Task brief - Without including any picture, copy the entries that follow word for word.

Data provided -
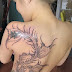 tattoo designs for women on back thumbnail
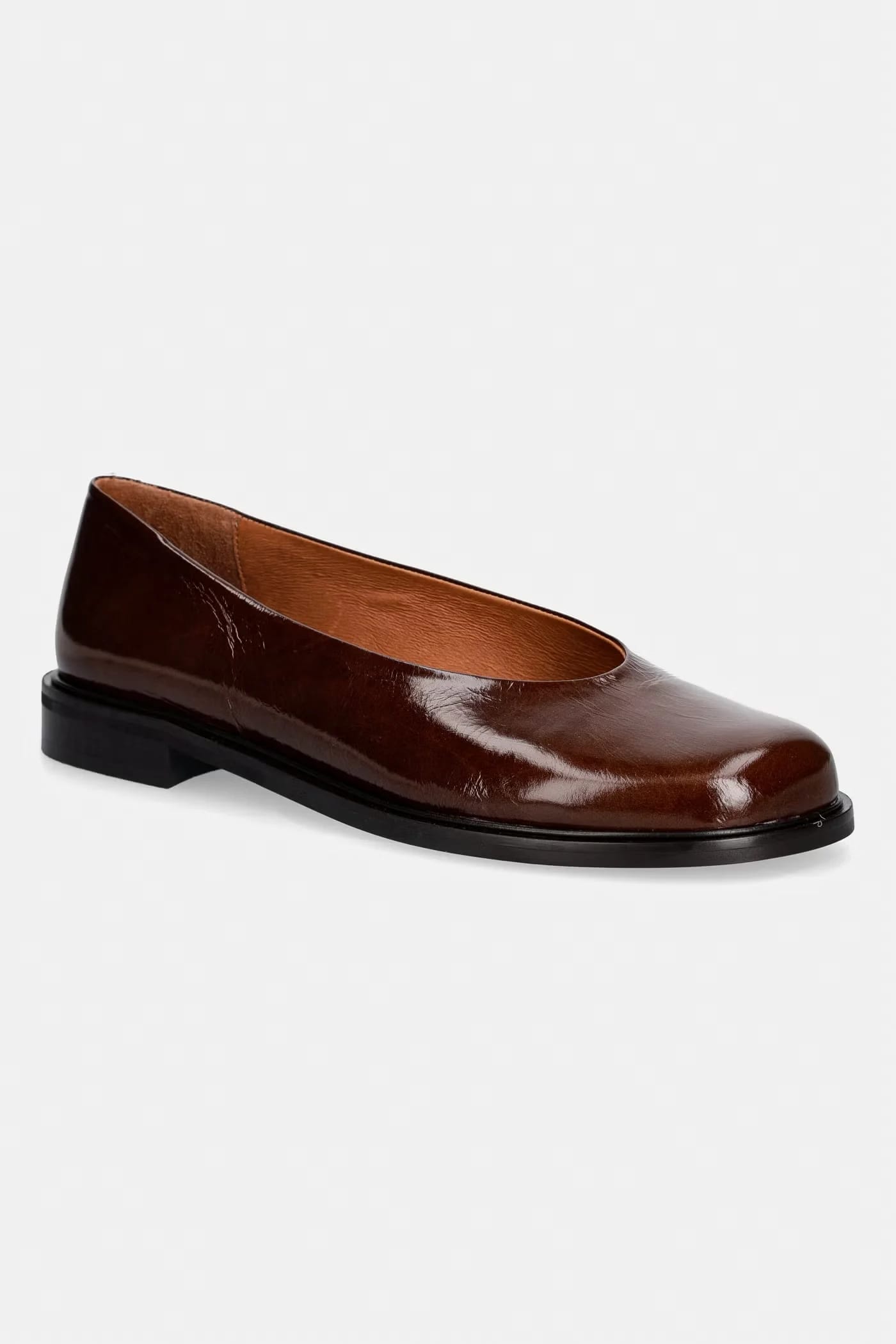 Кожаные балетки DAURELIA CUIR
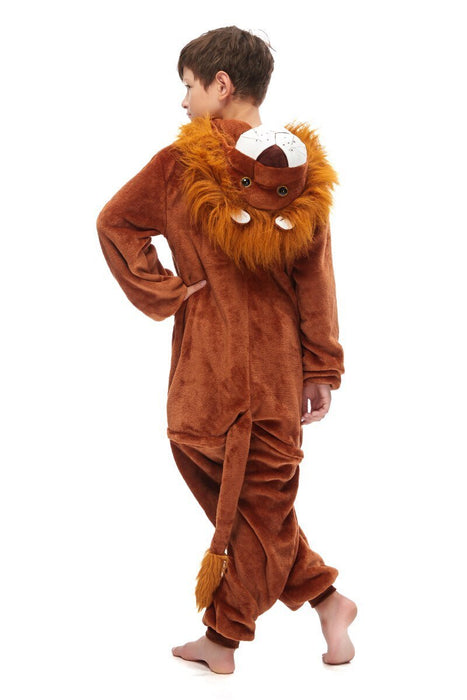Lion King kigurumi for kids. - Adilsons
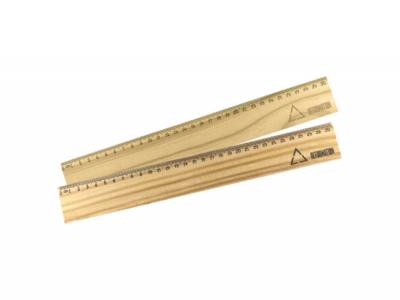 Pine Wood Rulers (30cm)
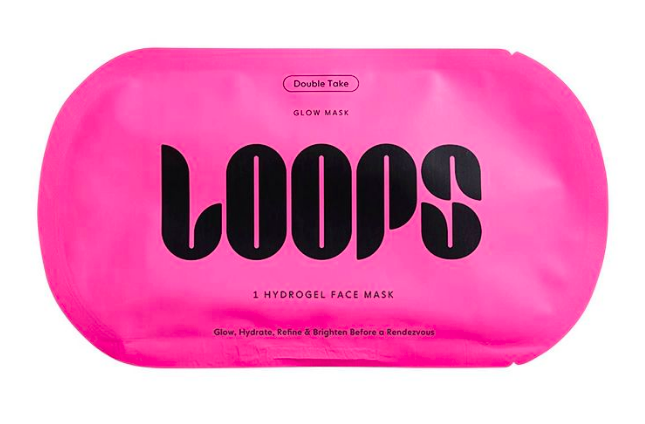 Loops Beauty Double Take Face Mask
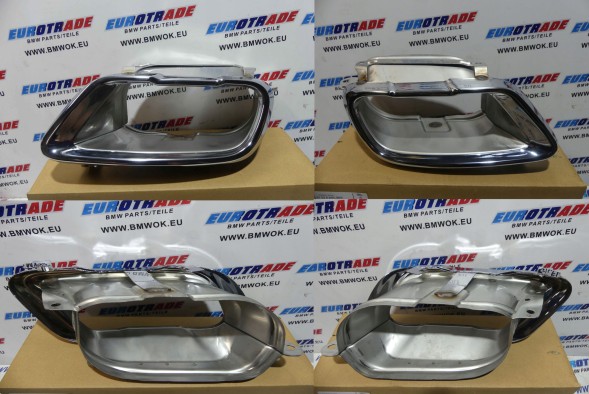 BMW OE BMW G05 G06 LCI G07 НАКОНЕЧНИК НАКОНЕЧНИКА ВИХЛОПУ КОМПЛЕКТ 5A5C8E1 5A5C8E2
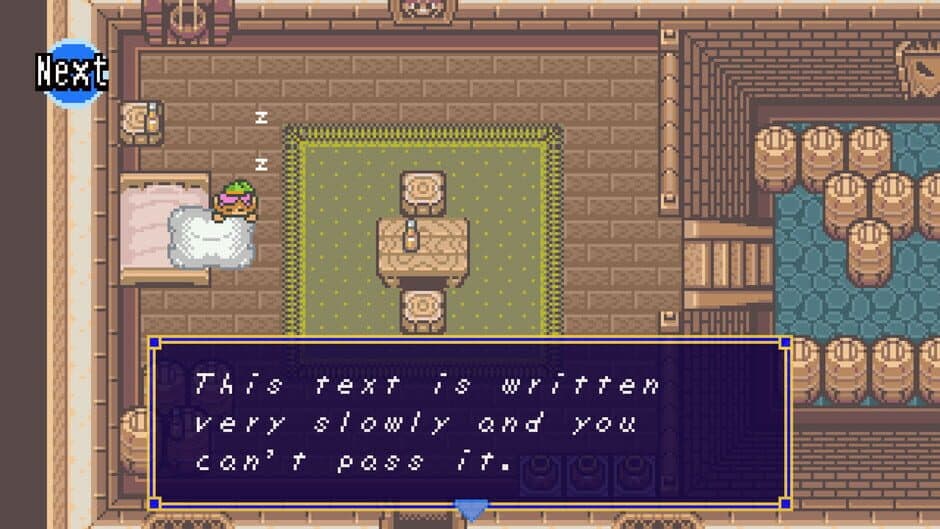 Скриншот 4 из The Legend of Zelda: Mystery of Solarus XD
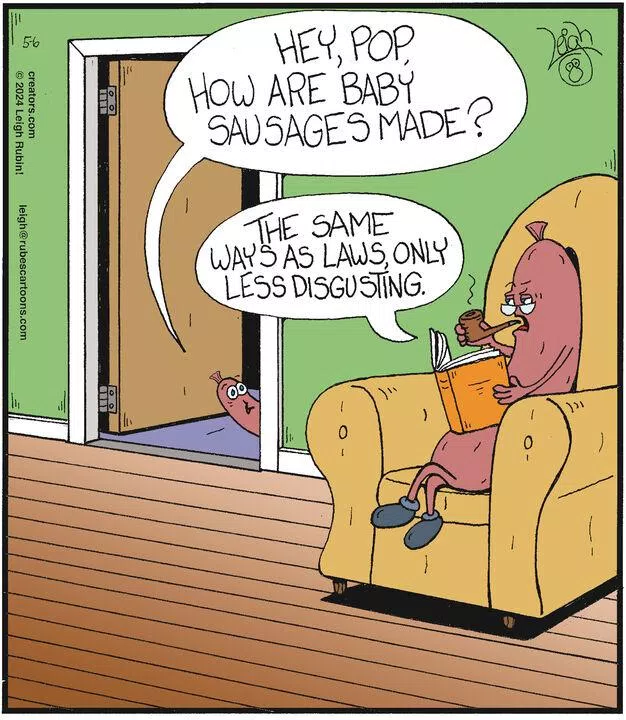 Rubes® for May 06, 2024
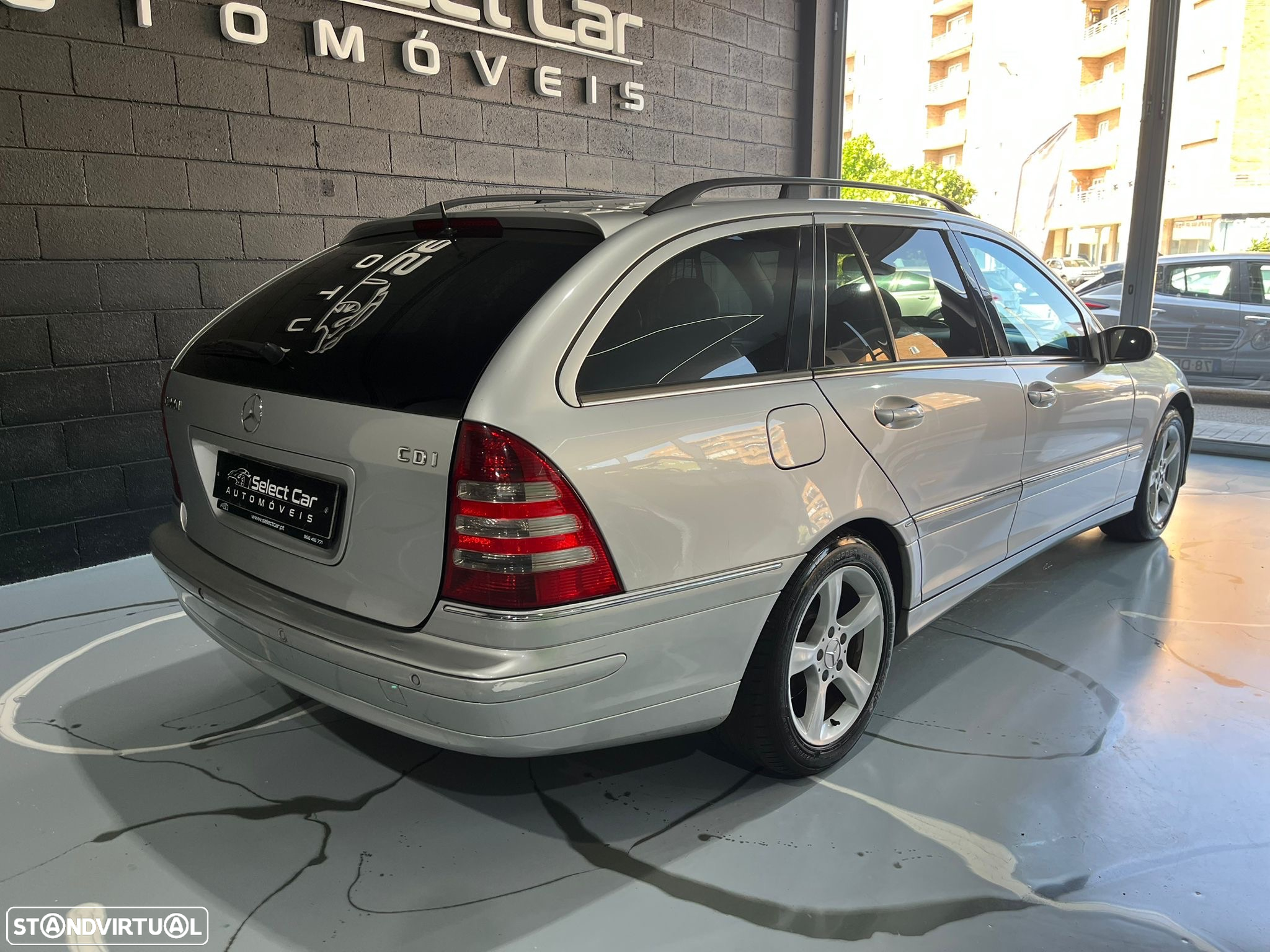 Mercedes-Benz C 220 CDi Avantgarde Aut. - 8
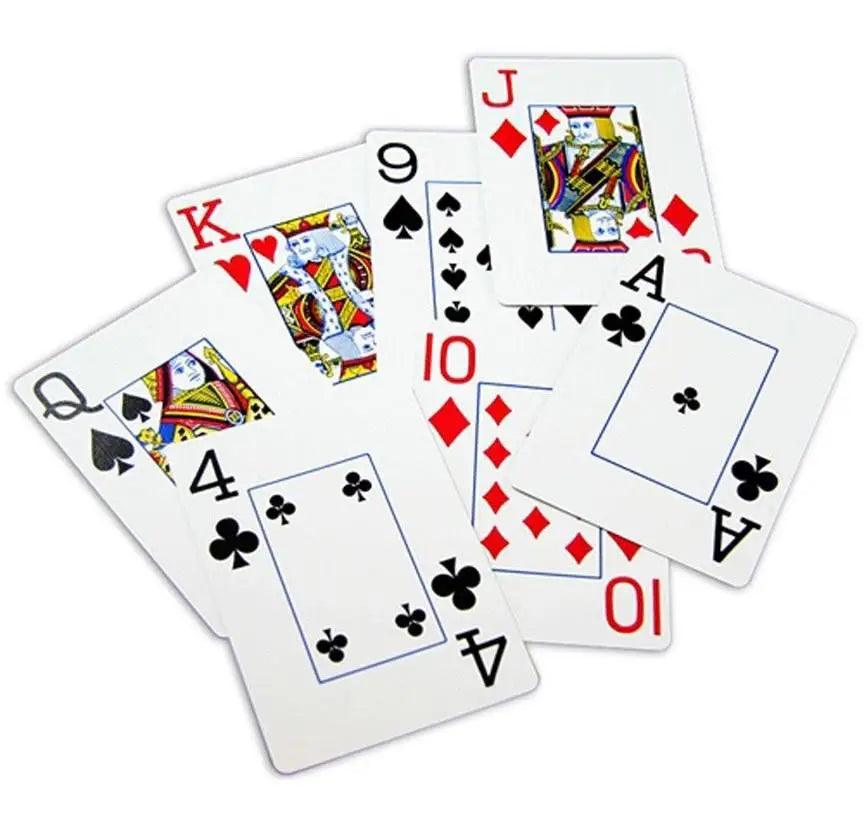 Bicycle Jumbo Index Red Playing Cards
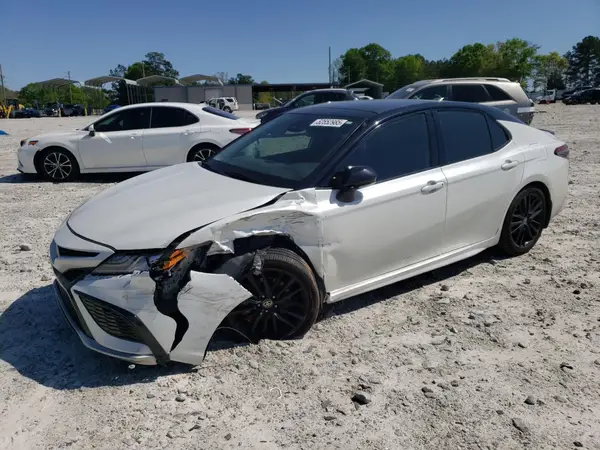 4T1K61AK7MU459291 2021 TOYOTA CAMRY - Image 1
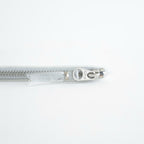 ZIP POUCH L - TRANSPARENT SNAKE #CLEAR [8Z-T510-051]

Solution to the problem -
 tattoo designs for women on back thumbnail
 Кожаные балетки DAURELIA CUIR
Lion King kigurumi for kids. - Adilsons
 Pine Wood Rulers (30cm)
 Loops Beauty Double Take Face Mask
 BMW OE BMW G05 G06 LCI G07 НАКОНЕЧНИК НАКОНЕЧНИКА ВИХЛОПУ КОМПЛЕКТ 5A5C8E1 5A5C8E2
 Скриншот 4 из The Legend of Zelda: Mystery of Solarus XD
 Rubes® for May 06, 2024
 Mercedes-Benz C 220 CDi Avantgarde Aut. - 8
 Bicycle Jumbo Index Red Playing Cards
 4T1K61AK7MU459291 2021 TOYOTA CAMRY - Image 1
 ZIP POUCH L - TRANSPARENT SNAKE #CLEAR [8Z-T510-051]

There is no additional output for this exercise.